Oh and one final bit of advice for those that have to support the clueless...get Comodo Time Machine and install it NOW, you'll be glad you did. Think of it as a system restore that actually works and which doesn't get infected by malware. When my GF had to go across the state to take care of a sick relative and her niece screwed her laptop up so bad the thing wouldn't even boot to desktop it took me less than 15 minutes to get her back up and running thanks to CTM. Just set it to use around 10%-15% of the HDD space for snapshots and have it take a snapshot at boot (if you boot more than once a day it'll only take one snapshot so you won't run out of space) and you are golden. You can even lock a snapshot so you can have your own version of a factory refresh that will put the system right back to the way you had it with no muss or fuss. Just have them hit the Home key when they see the big clock, tell them what day you want them to go back to and voila! Instant fix.
ACs don't waste your time replying, your posts are never seen by me.
You all are trying to go at this the wrong way.
You should run a 'listening server' on your end, and send them a VNC single click binary.
http://www.uvnc.com/products/uvnc-sc.html
Single click binary does need to be setup by the admin (Ultra VNC has a webpage that generates the executable, the admin can do anything from having a single entry that just connects to your IP (on the listening server) upto having pretty graphics and customized greeter screens.). Having a dns entry that always points to your domain (johnsupport.dyndns.com in the worst case for example) also makes those single click instances working for quite some time.
I'm quite surprised so little people know about SC, even though VNC is quite well known here.
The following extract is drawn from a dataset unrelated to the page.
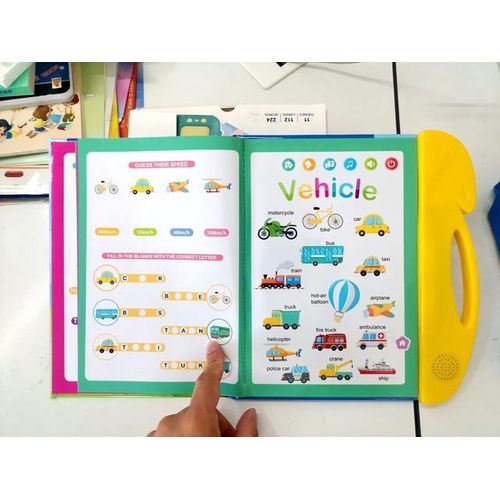 English Learning Book - Battery Operated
And again, TeamViewer is nice (albeit closed source) one always has to wonder, why would a company give you such a service, for free. Yes, they also have commercial offerings where there bread and butter comes from I'm sure. So does google/facebook, yet we all know what they really sell.
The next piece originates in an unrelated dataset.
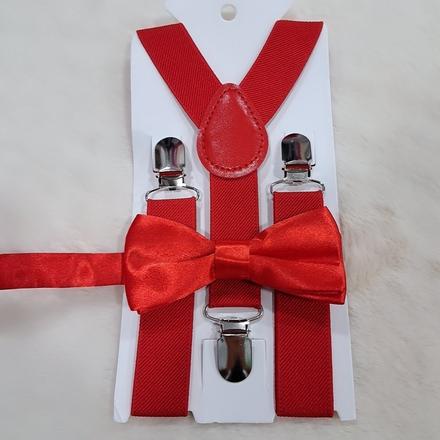 Detské traky + motýlik,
I see TeamViewer mentioned a lot. Another proprietary but free as in beer alternative is CrossLoop: http://www.crossloop.com/. I have no experience with TeamViewer, but I am very happy with CrossLoop, which is also free for personal use, very easy to use (start it, and read a name and twelve digit code over the phone), automagically punches through NAT routers and firewalls, and is based on VNC under water. They don't have a native client for Linux, but the Windows version runs fine under Wine.